The Awesome Roommate however, being more of a Humanities Nerd, is not impressed with Bob. I know. How could you not want a pudding rotting and GROWING stuff in your refrigerator?

Sheesh.

Sunday, October 29, 2006

So I still rule

And milk still decomposes.

No, I don't know how this keeps happening. It's COMPLICATED.

And this is why I should change my career plans

From my highly non-scientific observations:

There is a perfect correlation between a female's ability to be a lawyer and her tendency to be a COMPLETE raging bitch.

And I want to go to law school?

Monday, October 23, 2006

Timing, people! TIMING!

Look, if I've pried myself out of bed, slogged through the rain, and hiked up four flights of stairs?

I'm no longer happy to discover that you've canceled class.

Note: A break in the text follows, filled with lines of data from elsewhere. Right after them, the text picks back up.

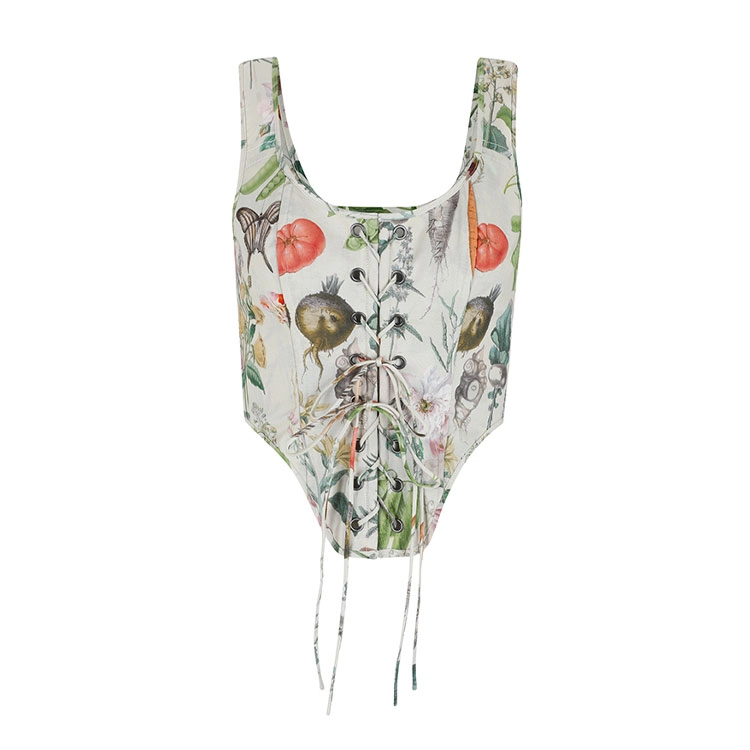Selkie Collection SS25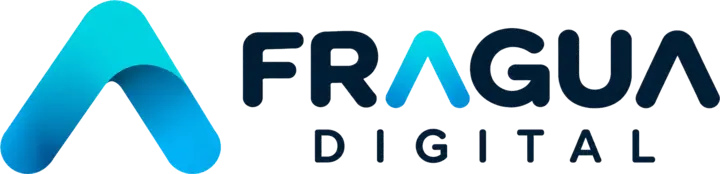 Fragua Digital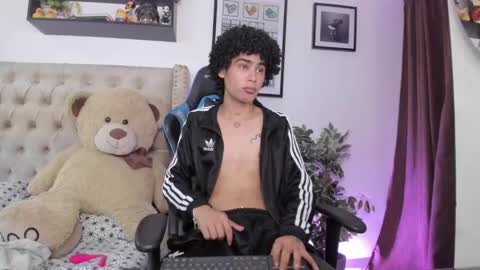 Jay online show from 12-11-24, 01:37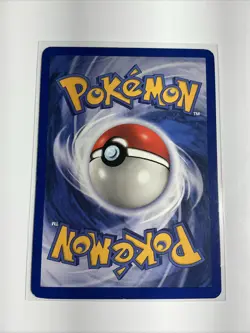 Arcanine 023/102 Base Set Regular Pokemon Card TCG - Image 2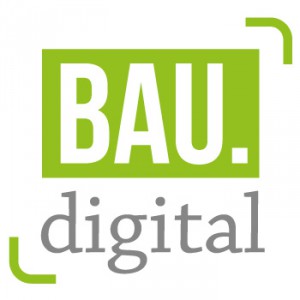 logo_baudigital_rgb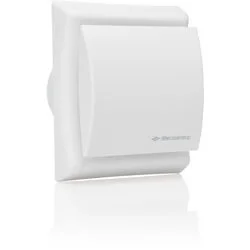 Koop Vandaag Itho Daalderop badkamer / toiletventilator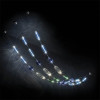 Collier T1800 T Pendants & Suspension Lights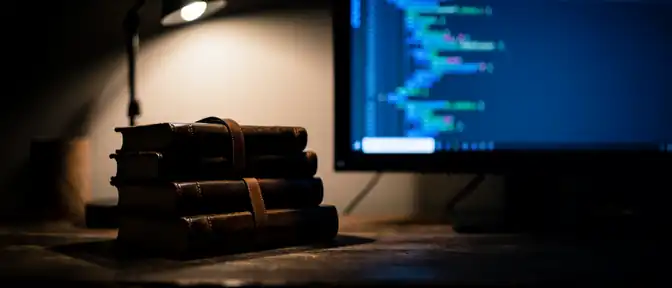Феномен WinRAR: как челябинский программист создал легенду, работающую на честном слове и добровольных взносах
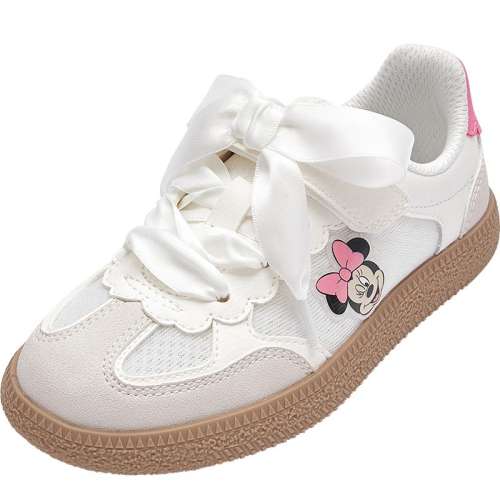 ۻ㣺ɫ00311 28 ЬŮͯѵЬʿᳱ399.69Ԫ3(133.23Ԫ/)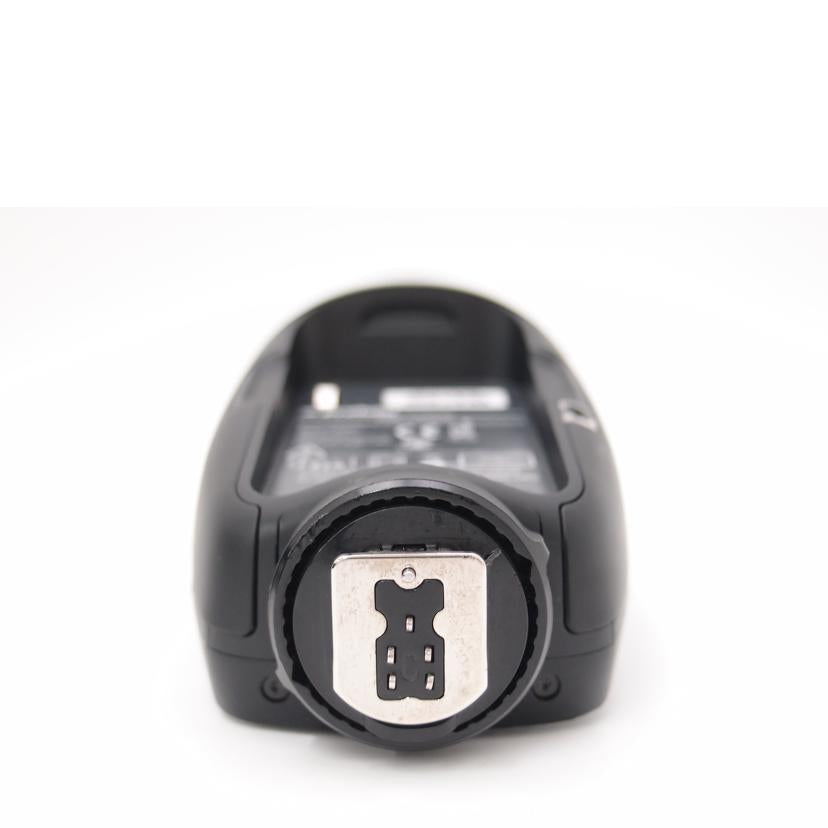 Profoto プロフォト/A1 AirTTL-C/オンカメラ・フラッシュ/901201-JP//1817116395/Bランク/69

Now, if I'd known earlier and NOT ALREADY HAVE WOKEN UP? Different story.

(What, you can't plan your emergencies in advance? Sheesh.)

Wednesday, October 18, 2006

SHIT.

SHIT SHIT SHIT SHIT SHIT.

My econ midterm grade is apparently now accessible on my student page online. I have not actually checked, but I have heard as much from other people in the class.

SHIT.

I HATE FINDING OUT STUFF ONLINE. Seriously. College admissions? Nearly killed me. (Those of you who knew me then, yeah, DUH.)

And now it's THERE. WAITING. Waiting for me to check it. AND I'M SUPPOSEED TO BE WRITING A PAPER HERE.

Fuck it. I'm not checking it. I'll go to her office hours tomorrow and ask for it back, and then I can further humiliate myself by crying in front of her. EXCELLENT PLAN.

Tuesday, October 17, 2006

Life as me

Oooooooh I'm supposed be rewriting an essay because it's due tomorrow, but naturally I'm blogging instead because productivity? Pffft.

I just got back from a meeting with one of my professors who had the unfortunate job of informing me that basically, I completely suck at writing. Lovely. He did so, of course, in an extremely polite, scholarly fashion, which made things even greater, because he's this amazingly refined academic and I'm the girl who tripped walking into his office.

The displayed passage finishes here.